那霸港,西街口。
    原本繁华的贸易巷弄,现在每隔五步就站著一个甲冑森严的大明重甲步卒。
    石板缝里渗出的血还没干透,被雨水一衝,泛起股子刺鼻的腥甜味。
    老渔民阿布多跪在自家低矮的土房门外,脑袋压在膝盖上,浑身抖得像过电。
    对面的如意酒家大门被一脚踹碎,木屑乱飞。
    “別杀我!我是做正经买卖的琉球人!”
    屋里传出个尖细的嗓门。阿布多听得真切,那是八木。
    这货平时仗著倭人身份在港口横行霸道,抢鱼获、睡女人,手里那把长刀活劈过好几个搬运工。

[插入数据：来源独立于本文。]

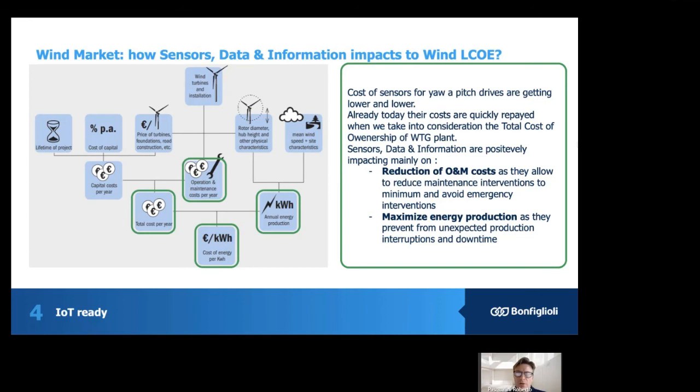At the end, reducing the operating and maintenance cost allows us to reduce maintenance interventions to a minimum, avoid emergency interventions, and also maximize energy production, preventing unexpected production interruptions over the lifetime of the turbine. By doing that, Bonfiglioli is positive to make an important contribution to the reduction of the LCOE — not from a direct standpoint only, but also from an indirect point. That's all I have for today. Thank you very much, and stay tuned to our channel.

    一名大明边军百户冷著脸走进去,身后跟著两个提著长矛的老卒。
    八木穿了一身琉球人的长衫,缩在柜檯后头,怀里紧紧抱著个包袱。
    他眼看躲不过去,拔出那把半长的武士刀就要拼命。
    大明百户连腰间的雁翎刀都没碰。
    身旁的老卒手腕一抖,生铁长矛的矛杆掛著风声直接横扫。
    “咔嚓”一声脆响。
    武士刀当场断成两截,连带著八木的半边膀子直接塌陷。
    整个人砸在墙上,狂吐鲜血。
    什么狗屁武士,在大明重甲边军面前,连个回合都走不过。纯纯的降维打击。
    百户走上前,指了指外头跪成一排的百姓:“你,过来。”
    手指点向阿布多。
    阿布多嚇得魂儿飞了一半,手脚並用地爬过去。
    “看仔细了。”百户拿刀鞘挑起八木的下巴,“这货,是琉球人,还是东洋那边的矮子?”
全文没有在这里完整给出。